Accepting rejection- Staff Editorial


Throughout the college application process, seniors have experienced more stress and anxiety than ever before. The majority of this stems from the fact that so much of the decision-making process is completely out of our hands. However, there are a number of things to learn and take away from this experience.
When we were younger, we thought we had everything figured out. We had preconceived notions of who we would be when we grew up, what we would do with our lives, and where we would go to school. However, for many of us, the ways we saw ourselves earlier in life are monumentally different from how we see ourselves now. High school is meant to be a time for both physical and mental development.
This is shown most prominently through evolution and growth of thought. For instance, as children, many of us saw ourselves going off to illustrious universities for superficial reasons, without fully knowing what we wanted in a school or out of the college experience. Yet as we grew as young adults, we each learned that picking a college is an individual process. Aside from the holistic process that most universities advertise, there is one other deciding factor that is sometimes overlooked: fit.

Alana Galloway '16
Alana Galloway ’16

Colleges strategically and systematically search for and narrow down all students who fit their “mold.” In other words, having perfect grades and being involved inside and outside of school are important. Yet these are not always the deciding factors. To colleges, fitting their mold is also a crucial component, and this factor is something prospective students should not overlook.  

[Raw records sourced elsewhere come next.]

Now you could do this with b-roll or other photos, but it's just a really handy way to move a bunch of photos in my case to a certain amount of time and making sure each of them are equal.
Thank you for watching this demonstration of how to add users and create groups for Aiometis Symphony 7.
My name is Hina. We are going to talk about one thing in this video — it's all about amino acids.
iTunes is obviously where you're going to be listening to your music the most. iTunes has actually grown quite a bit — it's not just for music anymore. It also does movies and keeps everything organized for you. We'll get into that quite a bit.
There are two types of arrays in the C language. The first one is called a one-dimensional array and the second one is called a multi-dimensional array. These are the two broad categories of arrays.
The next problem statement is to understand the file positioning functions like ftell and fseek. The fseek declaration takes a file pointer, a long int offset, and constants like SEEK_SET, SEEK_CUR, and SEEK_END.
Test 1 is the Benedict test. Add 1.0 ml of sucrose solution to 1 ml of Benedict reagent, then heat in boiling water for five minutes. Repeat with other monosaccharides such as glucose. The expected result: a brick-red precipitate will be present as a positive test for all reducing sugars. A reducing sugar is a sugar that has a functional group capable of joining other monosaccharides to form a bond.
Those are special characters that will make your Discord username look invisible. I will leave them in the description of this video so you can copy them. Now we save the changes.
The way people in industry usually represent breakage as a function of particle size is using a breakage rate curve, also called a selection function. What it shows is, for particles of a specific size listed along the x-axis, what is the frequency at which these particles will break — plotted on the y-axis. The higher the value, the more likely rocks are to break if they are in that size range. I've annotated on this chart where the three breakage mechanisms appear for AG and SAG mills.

We have learned that the college application process is as uncertain as it is individual. What causes a student to be rejected from one school, may be the same reason for her acceptance at another university.

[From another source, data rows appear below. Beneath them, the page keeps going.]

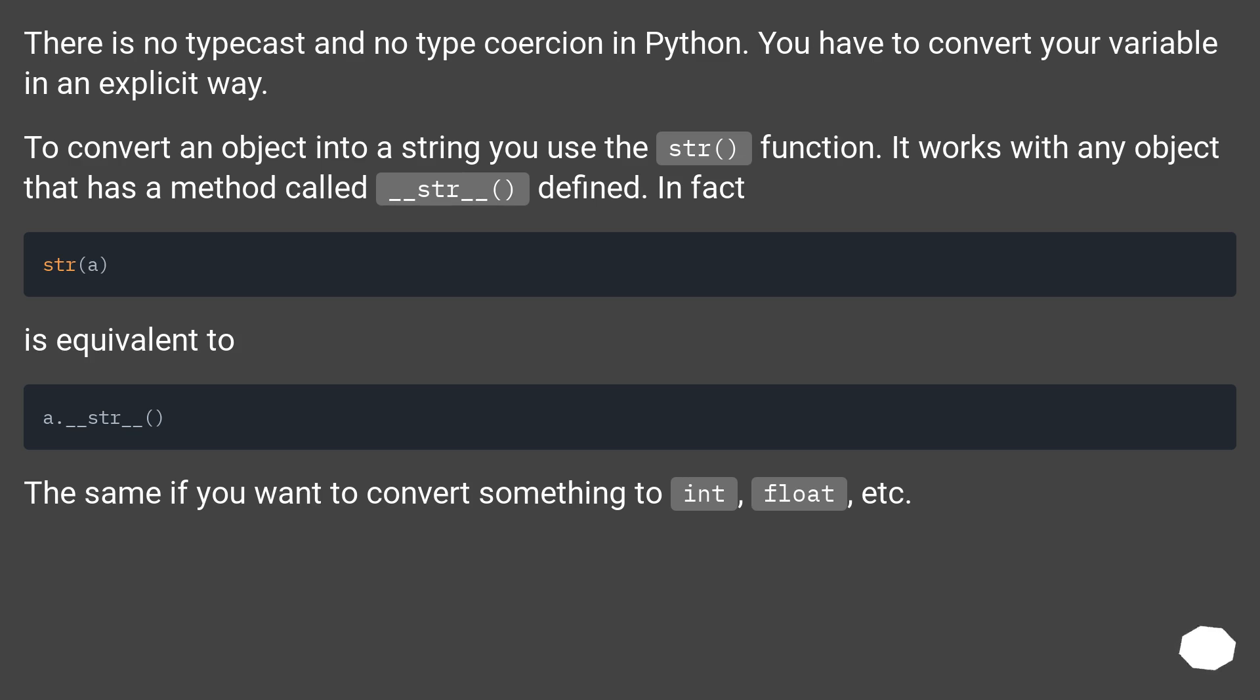is equivalent to the same if you want to convert something to int, float, etc.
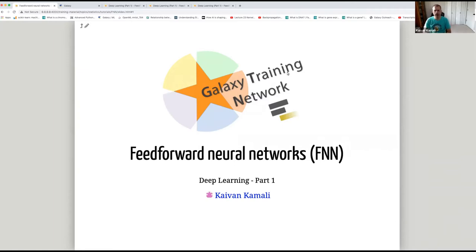Hello, everyone. My name is Kayvon Kamali. I'm going to be giving a presentation on Feedforward Neural Networks. This is part one of a three-part series on deep learning, part of the Galaxy Training Network tutorials.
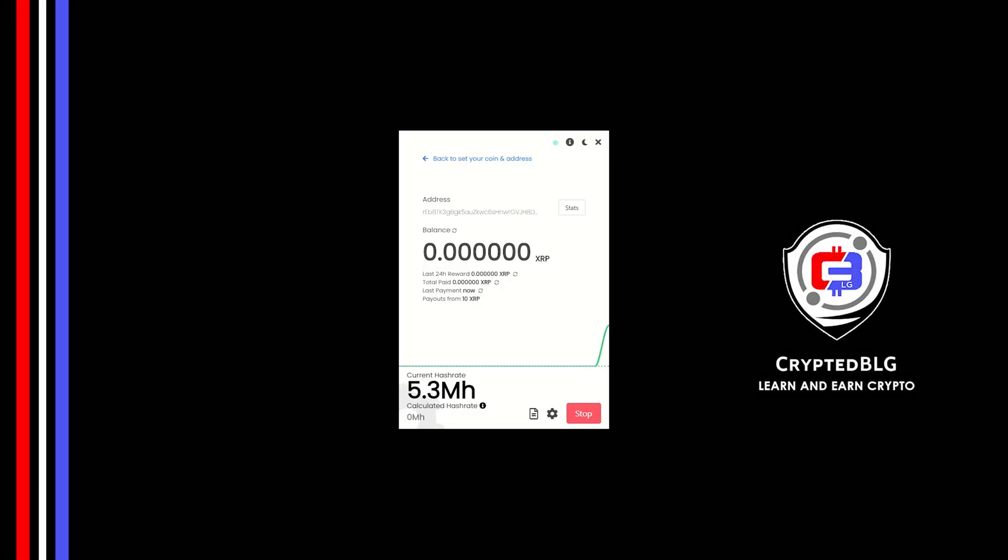In this video I am going to show you how to mine Ripple on any Windows PC. So let's roll that intro.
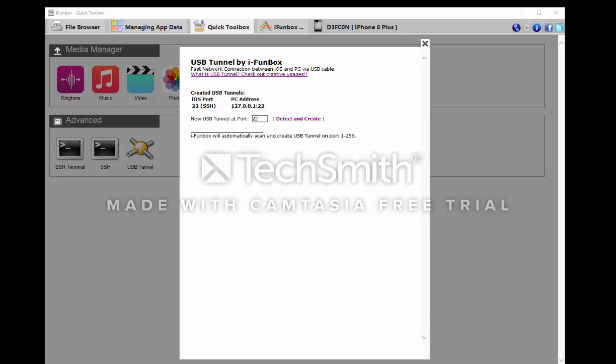Hey everybody, this is Psycho Mods HD and today I'm going to show you a really nice tutorial on how to fix the reboot loop on iOS 9.3.3.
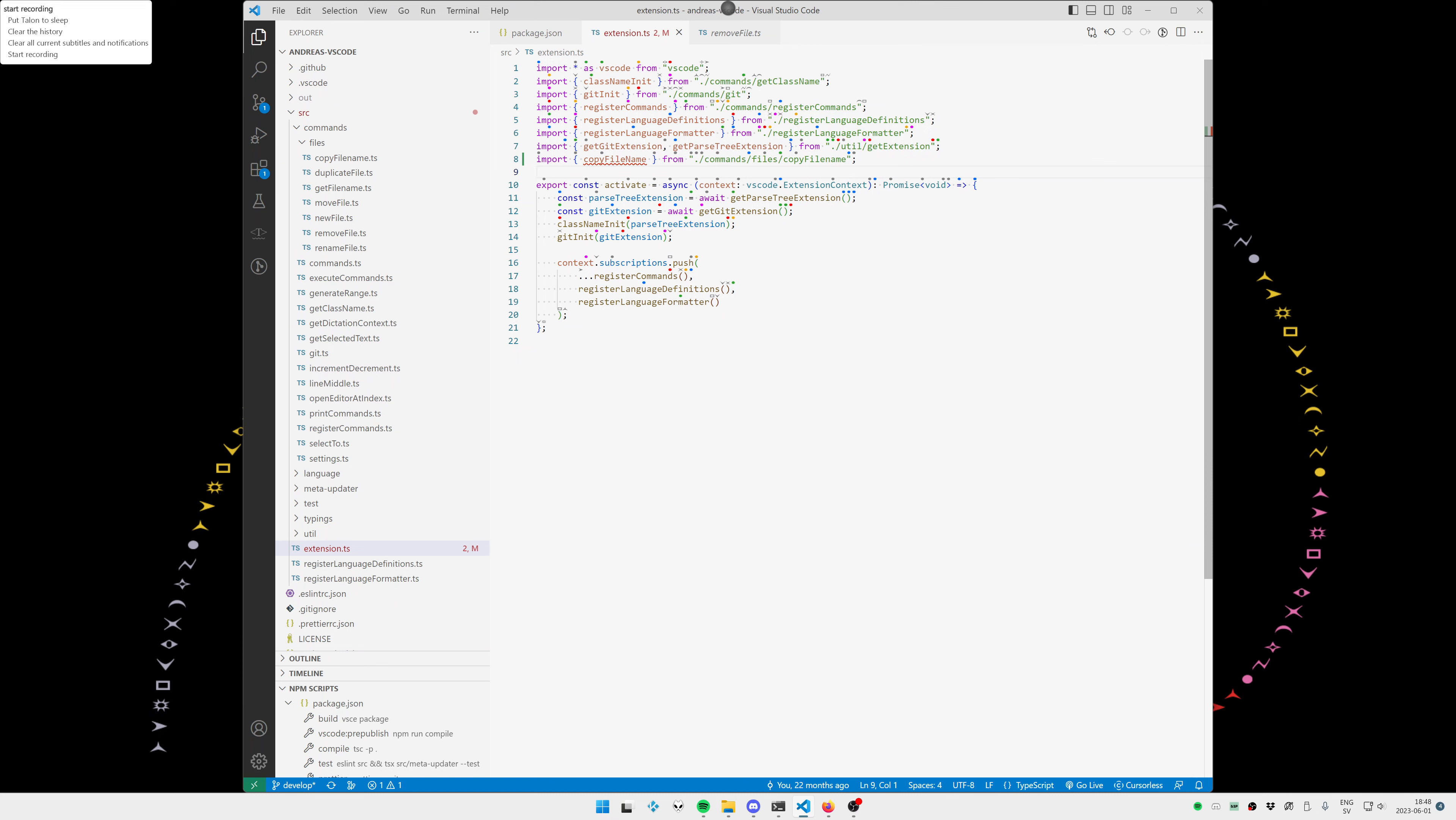Manually typing and managing imports is a real pain. That's why I built a voice command I call imports fix. It will remove unused imports, organize and sort existing ones, and add missing imports.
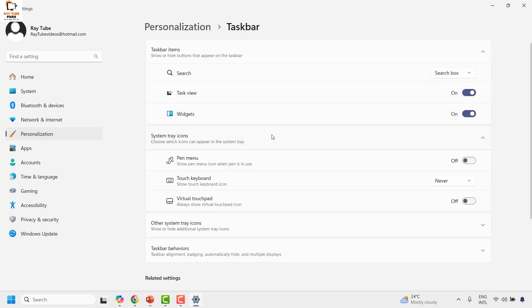Under this section, you will see an option for Widgets. If you want to turn off the widgets, you can use this button to turn off the widgets on your computer.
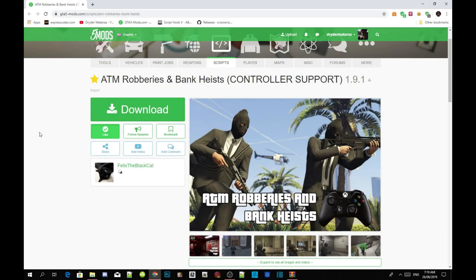This video is all about how to install your ATM Robberies and Bank Cards Control Supporter mod inside your Grand Theft Auto V folder. Make sure you guys download and install all the latest requirements listed in the description below. Once you've completed that process, I will also leave this mod in my description so make sure you download it as well.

College deferrals, rejections, and waitlists may seem unsympathetic and unnecessary, but we promise that they reap certain benefits. For one thing, our character has been strengthened and we have learned how to deal with rejection. We have learned how to speak fluidly about ourselves in college interviews, embrace and foster our strengths, and accept our weaknesses. Through application deadlines and strict scheduling, we have strengthened our time management skills and learned the importance of punctuality.
Additionally, we now understand that the process is objective, and for the most part, once you click submit, the decision is completely out of your control. Most importantly, this experience has taught us how to adapt, move on and look forward to the future instead of dwelling on the past.